This simple structure gives powerful guarantees:

Writing is fast (sequential disk I/O)
Ordering is preserved
History is retained
Multiple readers can read independently

Kafka is fundamentally: A distributed, replicated, fault-tolerant commit log

2.2 From Log to Distributed System

A single log file is not enough. We need:

Fault tolerance
Parallel reads/writes
Massive scale

So Kafka evolves the simple log into a distributed log system. Instead of one giant log, Kafka splits it into many smaller logs called partitions. But additionally also does replication among different machines.

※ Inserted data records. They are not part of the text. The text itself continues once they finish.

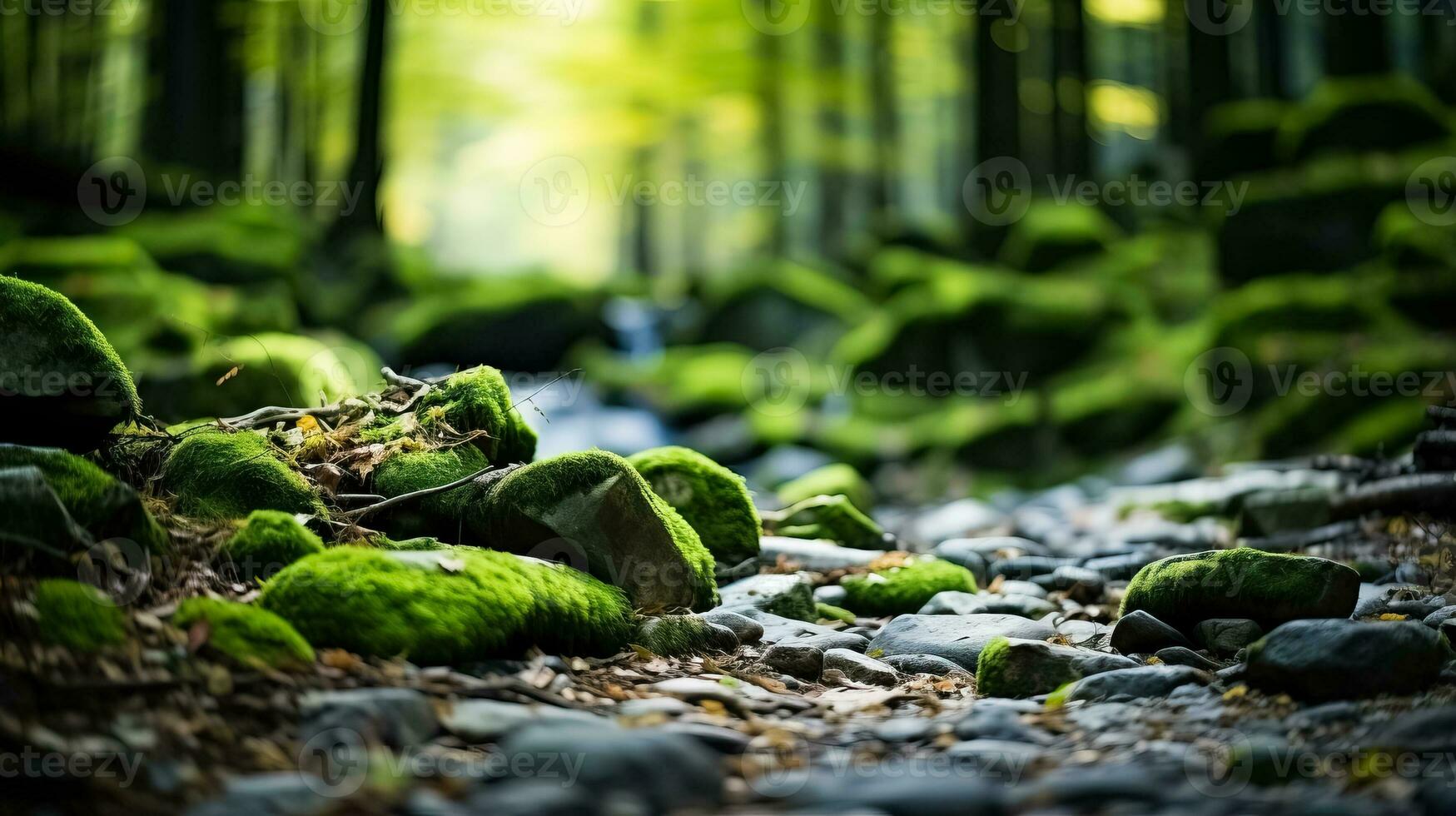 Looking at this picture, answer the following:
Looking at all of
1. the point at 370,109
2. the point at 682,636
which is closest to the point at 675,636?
the point at 682,636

Chapter 3. Core Building Blocks

3.1 Topics — Logical Data Streams

A topic is just a named stream of events. Can also be thought as channels.

Examples:

user-signups
payments
click-events

Producers write to topics. Consumers read from topics.

3.2 Partitions — Parallelism + Scale

A topic is divided into partitions, each an independent append-only log.

Why?

Need	Solution
Higher throughput	Multiple partitions allow parallel writes
Scalability	Spread partitions across machines
Ordering	Preserved within a partition

Tradeoff: Kafka guarantees ordering per partition, not across the entire topic.

3.3 Brokers — The Kafka Servers

A broker is a Kafka server that stores partitions.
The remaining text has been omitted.